🔍 Steps Auditing
Autonomy requires accountability. HelseCLI includes a sophisticated auditing system that tracks every action the AI takes, especially in **Agent Mode**.
Operational Auditing and Telemetry
Systemic autonomy requires rigorous accountability. HelseCLI integrates a sophisticated telemetry and auditing framework that monitors every operational step performed by the AI assistant, particularly during high-autonomy Agent Mode sessions.
Objectives of Auditing
The auditing framework ensures operational transparency and facilitates system validation:
- Verification: Enables itemized inspection of generated code and system modifications.

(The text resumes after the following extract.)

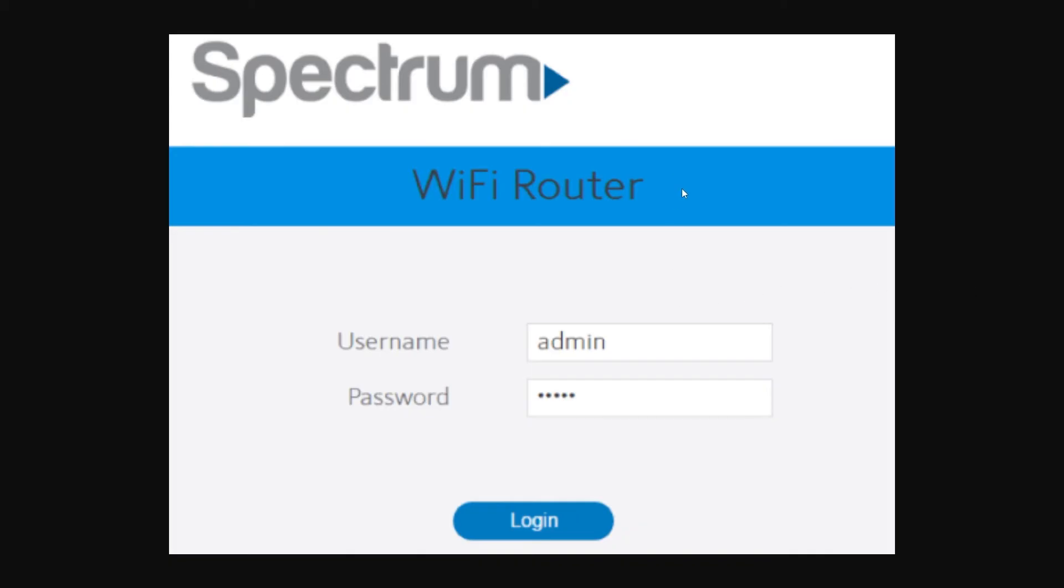From here, all you have to do is enter your details to log into this account. If you've set a custom username and password, you'll have to enter those details. However, the default username is usually admin and the default password is usually password or admin. Try out those combinations and hopefully it logs you into your account.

- State Recovery: identifies specific filesystem changes to facilitate manual rollback if required.
- Reasoning Analysis: Provides insight into the assistant's analytical logic and iterative troubleshooting steps.
The !steps Command
The current session audit trail can be retrieved at any point within Code Mode by executing:
> !steps
This retrieves a structured chronological log of the session:
[Operation 1] File Analysis: src/main.py
- Status: Success
- Summary: System performed analysis of the entry point to identify functional regressions.

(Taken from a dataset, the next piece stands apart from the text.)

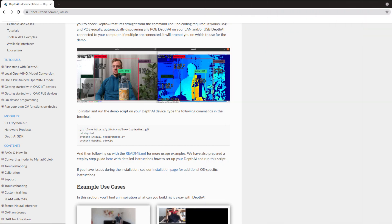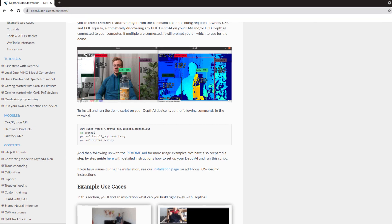So go to docs.luxonis.com, and right there you will see very easy instructions on how to install this camera. You literally have to run these three lines to install the camera.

[Operation 2] Test Execution: pytest
- Status: Failure
- Diagnostic: ModuleNotFoundError: No module named 'requests'
[Operation 3] File Modification: requirements.txt
- Status: Success
- Delta: Injected 'requests>=2.31.0' into package manifest.
[Operation 4] Package Synchronization: pip install -r requirements.txt
- Status: Success
- Telemetry: Successfully synchronized environment with requests-2.31.0.
Audit Log Integration
During Document Mode synthesis, HelseCLI can optionally incorporate a comprehensive audit log as a technical appendix or export it as a standalone .audit.md document. This is recommended for academic transparency and collaborative peer review.
Security and Data Localization
- Local Persistence: Audit logs are persisted exclusively within the project's local directory (standard path:
.helse/history/). No telemetry is transmitted to external servers. - Granular Tracking: For tasks involving the
execute_pythonmodule, the framework logs the precise script payload and its associated computational output.
Diagnostic Strategy
In the event of an autonomous task failure, utilize the !steps command to identify the precise point of logical divergence. This facilitates corrective user input:
"I have identified an incorrect API endpoint invocation in Operation 12. Correct endpoint: /v2/api/data. Re-initialize from that state."